(Caption-style text data)
********

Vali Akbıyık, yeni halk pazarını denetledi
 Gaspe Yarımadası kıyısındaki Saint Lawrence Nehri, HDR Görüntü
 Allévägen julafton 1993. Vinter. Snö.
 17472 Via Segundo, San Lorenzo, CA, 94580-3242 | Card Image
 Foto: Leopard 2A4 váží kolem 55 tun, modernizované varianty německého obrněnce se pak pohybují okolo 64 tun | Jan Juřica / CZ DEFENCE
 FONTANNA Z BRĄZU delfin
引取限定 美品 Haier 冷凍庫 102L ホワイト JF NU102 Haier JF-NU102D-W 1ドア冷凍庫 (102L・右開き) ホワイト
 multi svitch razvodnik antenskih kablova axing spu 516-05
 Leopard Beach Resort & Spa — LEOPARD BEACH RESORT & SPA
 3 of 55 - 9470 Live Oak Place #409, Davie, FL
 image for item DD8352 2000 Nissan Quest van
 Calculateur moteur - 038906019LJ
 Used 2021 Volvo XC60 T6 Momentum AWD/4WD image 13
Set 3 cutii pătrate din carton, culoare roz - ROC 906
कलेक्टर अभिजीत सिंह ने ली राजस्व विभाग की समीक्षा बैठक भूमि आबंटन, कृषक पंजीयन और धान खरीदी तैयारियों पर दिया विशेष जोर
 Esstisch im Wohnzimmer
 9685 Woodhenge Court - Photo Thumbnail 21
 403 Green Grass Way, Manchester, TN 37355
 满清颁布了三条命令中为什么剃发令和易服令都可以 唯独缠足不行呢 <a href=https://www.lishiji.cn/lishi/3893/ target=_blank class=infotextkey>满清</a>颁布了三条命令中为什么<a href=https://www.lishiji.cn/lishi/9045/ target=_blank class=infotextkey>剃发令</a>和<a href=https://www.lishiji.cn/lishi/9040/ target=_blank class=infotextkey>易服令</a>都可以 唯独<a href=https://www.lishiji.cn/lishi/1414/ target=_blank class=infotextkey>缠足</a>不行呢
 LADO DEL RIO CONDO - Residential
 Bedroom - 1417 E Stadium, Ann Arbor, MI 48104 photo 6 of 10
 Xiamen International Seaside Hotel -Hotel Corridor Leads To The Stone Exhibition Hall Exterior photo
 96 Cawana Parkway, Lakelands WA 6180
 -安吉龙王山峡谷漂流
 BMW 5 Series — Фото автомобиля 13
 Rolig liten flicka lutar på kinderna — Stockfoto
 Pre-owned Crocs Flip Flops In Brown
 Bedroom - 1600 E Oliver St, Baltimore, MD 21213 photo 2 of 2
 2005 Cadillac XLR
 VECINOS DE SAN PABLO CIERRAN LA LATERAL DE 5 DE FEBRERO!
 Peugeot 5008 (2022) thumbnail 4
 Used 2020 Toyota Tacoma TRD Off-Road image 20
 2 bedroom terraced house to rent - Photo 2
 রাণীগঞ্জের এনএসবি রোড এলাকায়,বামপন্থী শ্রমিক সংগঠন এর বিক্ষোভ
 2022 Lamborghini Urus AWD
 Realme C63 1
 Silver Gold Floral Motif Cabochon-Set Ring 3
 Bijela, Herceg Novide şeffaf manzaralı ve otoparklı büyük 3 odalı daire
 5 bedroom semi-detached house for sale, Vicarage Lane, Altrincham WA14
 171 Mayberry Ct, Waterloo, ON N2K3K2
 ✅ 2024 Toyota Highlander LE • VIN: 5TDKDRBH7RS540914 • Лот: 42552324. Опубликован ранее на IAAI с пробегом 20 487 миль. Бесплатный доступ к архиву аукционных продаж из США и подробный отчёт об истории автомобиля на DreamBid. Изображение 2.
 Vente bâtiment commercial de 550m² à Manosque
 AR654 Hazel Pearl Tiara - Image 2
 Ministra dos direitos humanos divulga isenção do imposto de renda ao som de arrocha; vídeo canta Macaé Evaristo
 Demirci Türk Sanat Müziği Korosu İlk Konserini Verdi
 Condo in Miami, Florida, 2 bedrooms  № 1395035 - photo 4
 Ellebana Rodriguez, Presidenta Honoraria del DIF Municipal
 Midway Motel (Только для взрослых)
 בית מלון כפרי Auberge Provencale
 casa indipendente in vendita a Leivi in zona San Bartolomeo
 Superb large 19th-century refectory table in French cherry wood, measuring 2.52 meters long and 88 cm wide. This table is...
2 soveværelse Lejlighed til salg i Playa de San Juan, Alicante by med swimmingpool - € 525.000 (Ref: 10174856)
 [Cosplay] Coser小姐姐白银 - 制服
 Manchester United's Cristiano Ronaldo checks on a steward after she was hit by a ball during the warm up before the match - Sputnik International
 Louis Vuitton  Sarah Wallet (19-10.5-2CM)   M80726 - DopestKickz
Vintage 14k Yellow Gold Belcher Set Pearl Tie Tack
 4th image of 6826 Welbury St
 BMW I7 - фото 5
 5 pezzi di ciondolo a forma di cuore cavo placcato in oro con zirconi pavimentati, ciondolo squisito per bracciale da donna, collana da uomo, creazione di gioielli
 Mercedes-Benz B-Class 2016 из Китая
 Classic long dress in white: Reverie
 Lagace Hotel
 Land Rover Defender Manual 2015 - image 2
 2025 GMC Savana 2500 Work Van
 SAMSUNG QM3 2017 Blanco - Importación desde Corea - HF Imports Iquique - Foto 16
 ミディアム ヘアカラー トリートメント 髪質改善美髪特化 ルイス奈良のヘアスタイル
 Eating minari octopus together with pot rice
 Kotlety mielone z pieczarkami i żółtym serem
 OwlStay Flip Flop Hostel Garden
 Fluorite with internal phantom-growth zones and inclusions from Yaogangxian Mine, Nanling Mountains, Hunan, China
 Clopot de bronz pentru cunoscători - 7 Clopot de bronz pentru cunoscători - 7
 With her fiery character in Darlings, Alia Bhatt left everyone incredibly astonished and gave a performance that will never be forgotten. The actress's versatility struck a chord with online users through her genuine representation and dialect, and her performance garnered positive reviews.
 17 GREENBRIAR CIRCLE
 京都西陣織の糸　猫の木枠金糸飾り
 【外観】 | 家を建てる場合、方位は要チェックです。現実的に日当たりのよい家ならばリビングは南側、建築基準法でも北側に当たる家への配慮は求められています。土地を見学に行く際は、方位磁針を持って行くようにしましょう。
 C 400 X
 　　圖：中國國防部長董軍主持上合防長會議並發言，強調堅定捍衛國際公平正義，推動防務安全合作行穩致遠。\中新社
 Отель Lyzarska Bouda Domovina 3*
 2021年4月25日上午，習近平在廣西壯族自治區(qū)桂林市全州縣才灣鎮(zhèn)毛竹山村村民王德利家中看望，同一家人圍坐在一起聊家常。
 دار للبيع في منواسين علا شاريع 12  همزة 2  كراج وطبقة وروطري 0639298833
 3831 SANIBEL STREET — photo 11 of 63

********

• WORK TO BE COMPLETED
Would you transcribe every entry exactly?

• EXPECTED ANSWER
Vali Akbıyık, yeni halk pazarını denetledi
 Gaspe Yarımadası kıyısındaki Saint Lawrence Nehri, HDR Görüntü
 Allévägen julafton 1993. Vinter. Snö.
 17472 Via Segundo, San Lorenzo, CA, 94580-3242 | Card Image
 Foto: Leopard 2A4 váží kolem 55 tun, modernizované varianty německého obrněnce se pak pohybují okolo 64 tun | Jan Juřica / CZ DEFENCE
 FONTANNA Z BRĄZU delfin
引取限定 美品 Haier 冷凍庫 102L ホワイト JF NU102 Haier JF-NU102D-W 1ドア冷凍庫 (102L・右開き) ホワイト
 multi svitch razvodnik antenskih kablova axing spu 516-05
 Leopard Beach Resort & Spa — LEOPARD BEACH RESORT & SPA
 3 of 55 - 9470 Live Oak Place #409, Davie, FL
 image for item DD8352 2000 Nissan Quest van
 Calculateur moteur - 038906019LJ
 Used 2021 Volvo XC60 T6 Momentum AWD/4WD image 13
Set 3 cutii pătrate din carton, culoare roz - ROC 906
कलेक्टर अभिजीत सिंह ने ली राजस्व विभाग की समीक्षा बैठक भूमि आबंटन, कृषक पंजीयन और धान खरीदी तैयारियों पर दिया विशेष जोर
 Esstisch im Wohnzimmer
 9685 Woodhenge Court - Photo Thumbnail 21
 403 Green Grass Way, Manchester, TN 37355
 满清颁布了三条命令中为什么剃发令和易服令都可以 唯独缠足不行呢 <a href=https://www.lishiji.cn/lishi/3893/ target=_blank class=infotextkey>满清</a>颁布了三条命令中为什么<a href=https://www.lishiji.cn/lishi/9045/ target=_blank class=infotextkey>剃发令</a>和<a href=https://www.lishiji.cn/lishi/9040/ target=_blank class=infotextkey>易服令</a>都可以 唯独<a href=https://www.lishiji.cn/lishi/1414/ target=_blank class=infotextkey>缠足</a>不行呢
 LADO DEL RIO CONDO - Residential
 Bedroom - 1417 E Stadium, Ann Arbor, MI 48104 photo 6 of 10
 Xiamen International Seaside Hotel -Hotel Corridor Leads To The Stone Exhibition Hall Exterior photo
 96 Cawana Parkway, Lakelands WA 6180
 -安吉龙王山峡谷漂流
 BMW 5 Series — Фото автомобиля 13
 Rolig liten flicka lutar på kinderna — Stockfoto
 Pre-owned Crocs Flip Flops In Brown
 Bedroom - 1600 E Oliver St, Baltimore, MD 21213 photo 2 of 2
 2005 Cadillac XLR
 VECINOS DE SAN PABLO CIERRAN LA LATERAL DE 5 DE FEBRERO!
 Peugeot 5008 (2022) thumbnail 4
 Used 2020 Toyota Tacoma TRD Off-Road image 20
 2 bedroom terraced house to rent - Photo 2
 রাণীগঞ্জের এনএসবি রোড এলাকায়,বামপন্থী শ্রমিক সংগঠন এর বিক্ষোভ
 2022 Lamborghini Urus AWD
 Realme C63 1
 Silver Gold Floral Motif Cabochon-Set Ring 3
 Bijela, Herceg Novide şeffaf manzaralı ve otoparklı büyük 3 odalı daire
 5 bedroom semi-detached house for sale, Vicarage Lane, Altrincham WA14
 171 Mayberry Ct, Waterloo, ON N2K3K2
 ✅ 2024 Toyota Highlander LE • VIN: 5TDKDRBH7RS540914 • Лот: 42552324. Опубликован ранее на IAAI с пробегом 20 487 миль. Бесплатный доступ к архиву аукционных продаж из США и подробный отчёт об истории автомобиля на DreamBid. Изображение 2.
 Vente bâtiment commercial de 550m² à Manosque
 AR654 Hazel Pearl Tiara - Image 2
 Ministra dos direitos humanos divulga isenção do imposto de renda ao som de arrocha; vídeo canta Macaé Evaristo
 Demirci Türk Sanat Müziği Korosu İlk Konserini Verdi
 Condo in Miami, Florida, 2 bedrooms  № 1395035 - photo 4
 Ellebana Rodriguez, Presidenta Honoraria del DIF Municipal
 Midway Motel (Только для взрослых)
 בית מלון כפרי Auberge Provencale
 casa indipendente in vendita a Leivi in zona San Bartolomeo
 Superb large 19th-century refectory table in French cherry wood, measuring 2.52 meters long and 88 cm wide. This table is...
2 soveværelse Lejlighed til salg i Playa de San Juan, Alicante by med swimmingpool - € 525.000 (Ref: 10174856)
 [Cosplay] Coser小姐姐白银 - 制服
 Manchester United's Cristiano Ronaldo checks on a steward after she was hit by a ball during the warm up before the match - Sputnik International
 Louis Vuitton  Sarah Wallet (19-10.5-2CM)   M80726 - DopestKickz
Vintage 14k Yellow Gold Belcher Set Pearl Tie Tack
 4th image of 6826 Welbury St
 BMW I7 - фото 5
 5 pezzi di ciondolo a forma di cuore cavo placcato in oro con zirconi pavimentati, ciondolo squisito per bracciale da donna, collana da uomo, creazione di gioielli
 Mercedes-Benz B-Class 2016 из Китая
 Classic long dress in white: Reverie
 Lagace Hotel
 Land Rover Defender Manual 2015 - image 2
 2025 GMC Savana 2500 Work Van
 SAMSUNG QM3 2017 Blanco - Importación desde Corea - HF Imports Iquique - Foto 16
 ミディアム ヘアカラー トリートメント 髪質改善美髪特化 ルイス奈良のヘアスタイル
 Eating minari octopus together with pot rice
 Kotlety mielone z pieczarkami i żółtym serem
 OwlStay Flip Flop Hostel Garden
 Fluorite with internal phantom-growth zones and inclusions from Yaogangxian Mine, Nanling Mountains, Hunan, China
 Clopot de bronz pentru cunoscători - 7 Clopot de bronz pentru cunoscători - 7
 With her fiery character in Darlings, Alia Bhatt left everyone incredibly astonished and gave a performance that will never be forgotten. The actress's versatility struck a chord with online users through her genuine representation and dialect, and her performance garnered positive reviews.
 17 GREENBRIAR CIRCLE
 京都西陣織の糸　猫の木枠金糸飾り
 【外観】 | 家を建てる場合、方位は要チェックです。現実的に日当たりのよい家ならばリビングは南側、建築基準法でも北側に当たる家への配慮は求められています。土地を見学に行く際は、方位磁針を持って行くようにしましょう。
 C 400 X
 　　圖：中國國防部長董軍主持上合防長會議並發言，強調堅定捍衛國際公平正義，推動防務安全合作行穩致遠。\中新社
 Отель Lyzarska Bouda Domovina 3*
 2021年4月25日上午，習近平在廣西壯族自治區(qū)桂林市全州縣才灣鎮(zhèn)毛竹山村村民王德利家中看望，同一家人圍坐在一起聊家常。
 دار للبيع في منواسين علا شاريع 12  همزة 2  كراج وطبقة وروطري 0639298833
 3831 SANIBEL STREET — photo 11 of 63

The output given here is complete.